## [Work item]
Transcribe the records that follow in their entirety, omitting any pictures.

========

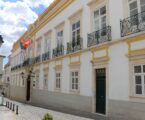 A Câmara Municipal de Elvas tem uma reunião extraordinária do seu Executivo, na quinta-feira, dia 30 de janeiro, pelas 12h00, no edifício dos Paços do Concelho em Elvas.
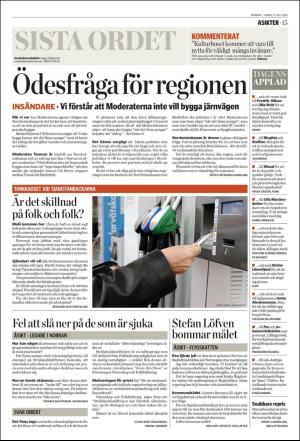 norran_del2-20180717_000_00_00_015.pdf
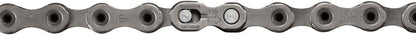 Shimano 105 CS-R7000 105 11-speed cassette, 12-25T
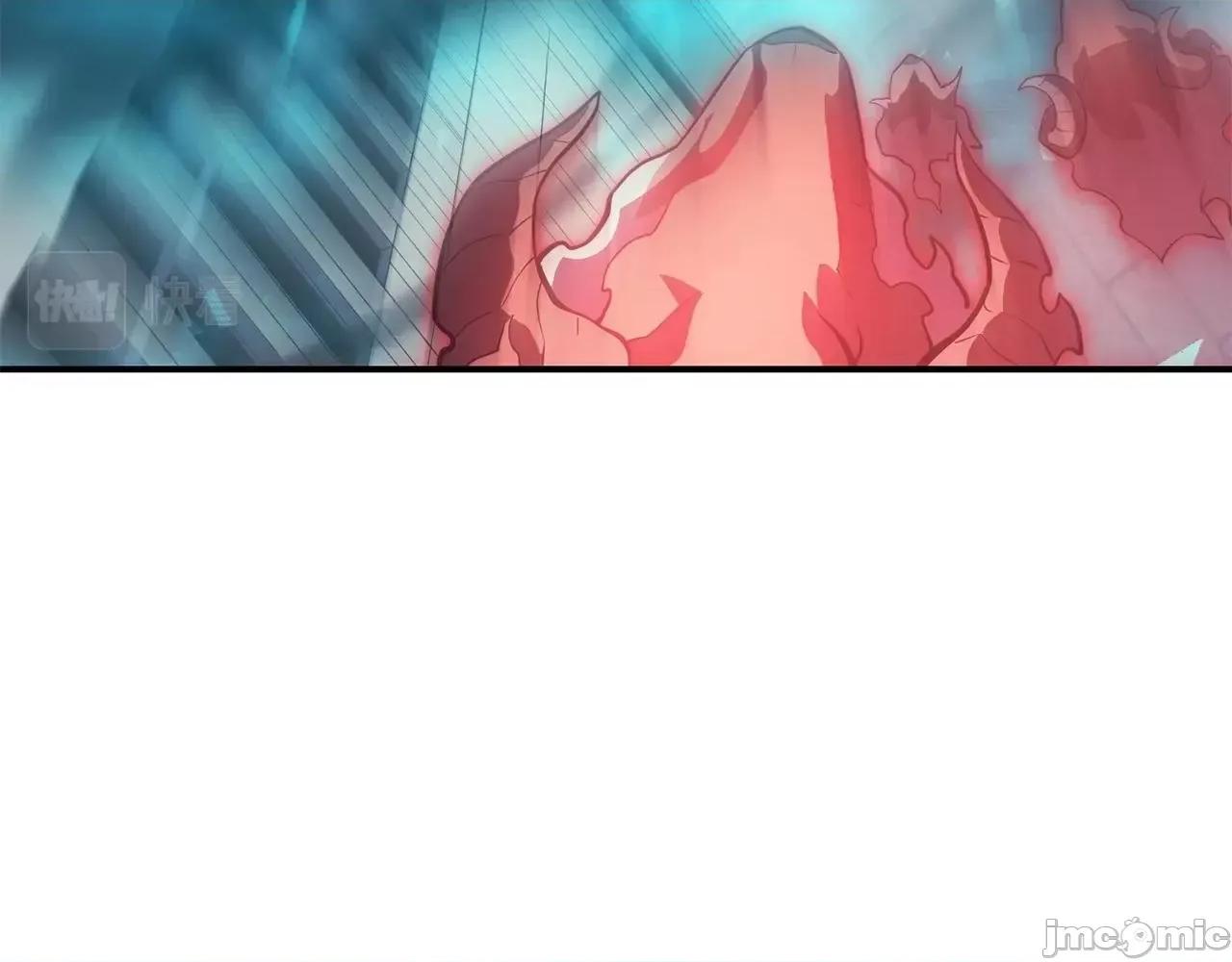 灾难级英雄归来 灾难级英雄归来005 第4话 圣团组织.zip 第167页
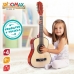 Gitara za Djecu Woomax 76 cm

========

## [Exercise output]
 A Câmara Municipal de Elvas tem uma reunião extraordinária do seu Executivo, na quinta-feira, dia 30 de janeiro, pelas 12h00, no edifício dos Paços do Concelho em Elvas.
 norran_del2-20180717_000_00_00_015.pdf
 Shimano 105 CS-R7000 105 11-speed cassette, 12-25T
 灾难级英雄归来 灾难级英雄归来005 第4话 圣团组织.zip 第167页
 Gitara za Djecu Woomax 76 cm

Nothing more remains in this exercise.